Valide ragioni economiche
La condizione per ottenere dall’amministrazione finanziaria il riconoscimento degli effetti fiscali delle operazioni potenzialmente elusive nel contesto normativo previgente era costituita dalle valide ragioni economiche, ossia dalla “apprezzabilità economico-gestionale” che dovrebbe supportarle.
Tali “ragioni” dovevano essere “valide”, cioè dotate di una propria necessità non meramente giuridica, e in nessun caso potevano ridursi alla ricerca della soluzione più vantaggiosa dal punto di vista tributario.
La nuova normativa introdotta dal decreto abuso, ossia l’art. 10-bis dello Statuto del contribuente, non evoca più tale nozione facendo invece riferimento alla sussistenza di ragioni extrafiscali non marginali.
“Scoperta” dell’abuso
Prima della riformulazione normativa del 2015, l’irruzione della nozione di abuso del diritto ha rappresentato una nuova frontiera giurisprudenziale in materia di comportamenti elusivi.
L’applicazione del principio dilagò nella giurisprudenza a seguito di alcune pronunce della Suprema Corte, influenzate dalle precedenti prese di posizione della Corte di Giustizia comunitaria (a tale riguardo, è solitamente richiamata la sentenza della CGCE 21.2.2006, nella causa C-255/02 – Halifax).
Le sentenze emanate dalla Corte di Cassazione a Sezioni Unite nel corso del 2008 (nn. 30055 e 30057/2008) hanno accolto un’applicazione estensiva della nozione di abuso del diritto, in grado di legittimare le contestazioni degli uffici fiscali anche in assenza di specifiche disposizioni antielusive.
Una parziale limitazione dei poteri del fisco (discendente dalla necessità di dimostrare l’esistenza del disegno elusivo a sostegno delle rettifiche operate, oltre alle supposte modalità di manipolazione o di alterazione di schemi classici rinvenute, evidenziando per quali motivi se ne determini l’aggiramento, e tenendo conto dell’evoluzione degli strumenti giuridici) è stata individuata dalla successiva sentenza della sezione tributaria n. 1465 del 17.11.2008, depositata il 21.01.2009.
Secondo la pronuncia, anche se il carattere fiscalmente elusivo dell’operazione poteva essere riconosciuto e contestato dal fisco in modo ampio, nell’esercizio di un potere che era diretta espressione dell’art. 53 della Costituzione, la contestazione era legittima solamente se il fine elusivo si poneva come predominante e assorbente rispetto al complessivo comportamento del contribuente.

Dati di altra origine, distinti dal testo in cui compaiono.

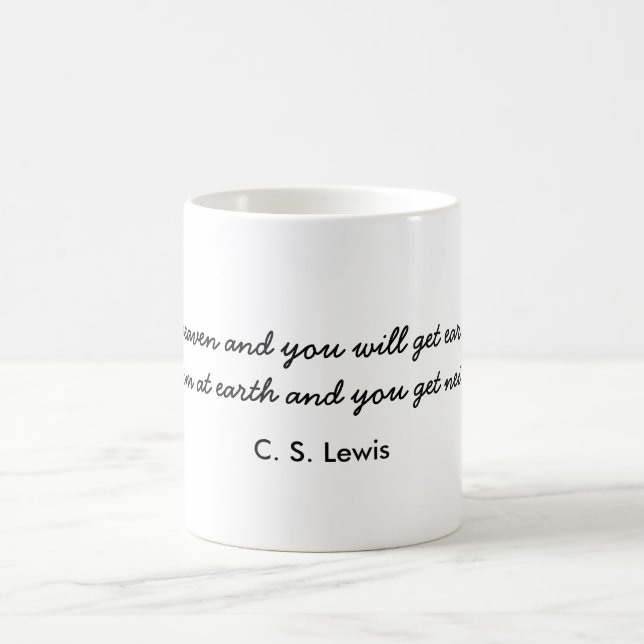 C.S. Lewis, "visa o céu…" Caneca de café (Centro)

Sotto il profilo della difesa della parte, era osservato che i contribuenti dovevano dimostrare il motivo per cui era stato posto in essere il comportamento, con una facoltà di dimostrazione assai ampia, che poteva estendersi a diversi obiettivi di natura commerciale, finanziaria, contabile (e non solo alle valide ragioni economiche).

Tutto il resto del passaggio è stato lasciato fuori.